After 29 years of marriage, Connie Pullen filed a petition for dissolution of marriage. In that petition, Ms. Pullen requested an award of spousal maintenance. During the divorce proceedings, her husband, Arthur Pullen, III, voluntarily ended his employment at FedEx and moved to Washington where he obtained a lower paying job. The trial court granted Ms. Pullen an award of spousal maintenance and used Mr. Pullen’s previous income to calculate the award. Mr. Pullen subsequently filed a motion for a new trial, which the court denied. He appealed, arguing that the trial court applied an incorrect legal standard for attributing income to him for purposes of determining spousal maintenance, and that there was insufficient evidence to hold that he voluntarily reduced his earning capacity.
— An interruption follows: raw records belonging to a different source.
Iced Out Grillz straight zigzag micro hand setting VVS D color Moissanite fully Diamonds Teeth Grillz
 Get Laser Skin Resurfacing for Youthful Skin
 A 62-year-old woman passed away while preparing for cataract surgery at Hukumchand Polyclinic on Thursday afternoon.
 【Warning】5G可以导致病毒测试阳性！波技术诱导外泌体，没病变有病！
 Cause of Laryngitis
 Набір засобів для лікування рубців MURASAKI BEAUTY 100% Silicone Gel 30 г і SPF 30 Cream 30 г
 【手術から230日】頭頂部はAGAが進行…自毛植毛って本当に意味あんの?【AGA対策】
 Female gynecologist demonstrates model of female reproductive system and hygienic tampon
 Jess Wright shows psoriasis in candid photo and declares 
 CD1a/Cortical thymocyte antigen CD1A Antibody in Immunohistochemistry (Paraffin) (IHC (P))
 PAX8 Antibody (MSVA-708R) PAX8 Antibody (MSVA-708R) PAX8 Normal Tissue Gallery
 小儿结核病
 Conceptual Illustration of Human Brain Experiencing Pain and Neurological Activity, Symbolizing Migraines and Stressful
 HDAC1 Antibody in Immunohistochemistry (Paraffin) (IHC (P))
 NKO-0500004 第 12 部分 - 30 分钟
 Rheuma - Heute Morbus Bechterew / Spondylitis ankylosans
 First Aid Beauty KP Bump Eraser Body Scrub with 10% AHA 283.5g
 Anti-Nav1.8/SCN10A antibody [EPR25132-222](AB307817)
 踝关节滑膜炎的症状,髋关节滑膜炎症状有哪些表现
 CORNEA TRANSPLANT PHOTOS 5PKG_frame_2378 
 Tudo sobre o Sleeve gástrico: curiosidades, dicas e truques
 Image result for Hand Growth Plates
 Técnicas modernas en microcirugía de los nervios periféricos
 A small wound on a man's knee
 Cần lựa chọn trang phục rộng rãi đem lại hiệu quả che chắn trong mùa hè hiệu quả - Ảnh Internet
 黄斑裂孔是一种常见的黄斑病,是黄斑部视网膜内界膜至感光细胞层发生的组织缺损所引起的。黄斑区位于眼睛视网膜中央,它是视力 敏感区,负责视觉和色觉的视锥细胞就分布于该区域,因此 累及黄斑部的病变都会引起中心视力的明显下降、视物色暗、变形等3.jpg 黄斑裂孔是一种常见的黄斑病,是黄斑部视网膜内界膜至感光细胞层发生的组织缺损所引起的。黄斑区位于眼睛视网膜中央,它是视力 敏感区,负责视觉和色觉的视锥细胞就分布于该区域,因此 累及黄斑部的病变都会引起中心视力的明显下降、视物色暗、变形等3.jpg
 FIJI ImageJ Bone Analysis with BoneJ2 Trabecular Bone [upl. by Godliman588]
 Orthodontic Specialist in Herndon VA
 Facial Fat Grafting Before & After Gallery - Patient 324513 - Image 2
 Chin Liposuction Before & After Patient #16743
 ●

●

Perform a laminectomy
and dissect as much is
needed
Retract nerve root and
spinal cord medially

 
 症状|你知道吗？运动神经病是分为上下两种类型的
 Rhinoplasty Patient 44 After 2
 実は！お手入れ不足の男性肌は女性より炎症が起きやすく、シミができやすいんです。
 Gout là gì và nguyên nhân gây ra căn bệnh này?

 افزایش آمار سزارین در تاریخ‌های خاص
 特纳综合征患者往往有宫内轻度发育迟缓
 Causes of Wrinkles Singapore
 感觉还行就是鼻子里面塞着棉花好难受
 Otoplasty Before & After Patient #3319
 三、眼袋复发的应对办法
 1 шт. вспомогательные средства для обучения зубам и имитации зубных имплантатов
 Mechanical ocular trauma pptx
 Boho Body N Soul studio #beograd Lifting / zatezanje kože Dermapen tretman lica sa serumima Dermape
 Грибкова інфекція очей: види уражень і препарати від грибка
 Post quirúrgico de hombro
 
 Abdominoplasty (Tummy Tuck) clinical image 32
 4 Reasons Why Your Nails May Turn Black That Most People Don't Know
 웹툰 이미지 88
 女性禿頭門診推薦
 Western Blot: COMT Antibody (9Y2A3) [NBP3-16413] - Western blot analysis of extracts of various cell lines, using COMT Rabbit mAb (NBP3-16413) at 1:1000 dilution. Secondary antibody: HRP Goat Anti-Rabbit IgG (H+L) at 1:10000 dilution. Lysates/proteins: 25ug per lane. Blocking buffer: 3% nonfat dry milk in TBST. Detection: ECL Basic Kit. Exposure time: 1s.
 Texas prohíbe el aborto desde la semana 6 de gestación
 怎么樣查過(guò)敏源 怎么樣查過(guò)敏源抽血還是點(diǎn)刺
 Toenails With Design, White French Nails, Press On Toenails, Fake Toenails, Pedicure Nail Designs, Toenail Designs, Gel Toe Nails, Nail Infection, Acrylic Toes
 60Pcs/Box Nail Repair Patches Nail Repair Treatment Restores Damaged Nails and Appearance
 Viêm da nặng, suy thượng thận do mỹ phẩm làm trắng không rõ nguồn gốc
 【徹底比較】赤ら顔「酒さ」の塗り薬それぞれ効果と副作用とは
The Arizona Court of Appeals held that the trial court considered the appropriate factors for attributing to Mr. Pullen his prior income in determining spousal maintenance and that there was evidence supporting that holding. Arizona courts have adopted an intermediate balancing test to determine whether to use actual income or earning capacity to calculate child support when a parent voluntarily reduces his or her income. Although that balancing test has never been applied to attribute income for spousal maintenance purposes, the Court determined that the rationale behind the test clearly applies in the spousal maintenance context. Therefore, according to the Court, “courts should balance [the following] five factors in determining whether to use actual income or earning capacity to calculate spousal maintenance when voluntary reduction of income issues are raised”: (1) the reasons asserted by the party whose conduct is at issue; (2) the impact upon the oblige of considering the actual earnings of the obligor; (3) when the obligee’s conduct is at issue, the impact upon the obligor of considering the actual earnings of the oblige and thereby reducing the obligor’s financial contribution to the support order at issue; (4) whether the party complaining of a voluntary reduction in income acquiesced in the conduct of the other party; and (5) the timing of the action in question in relation to the entering of a decree or the execution of a written agreement between the parties. In this case, although the trial court did not expressly balance these factors, the Court of Appeals found that the record supported its decision under that analysis.
Judge Kessler authored the opinion; Judges Hall and Orozco concurred.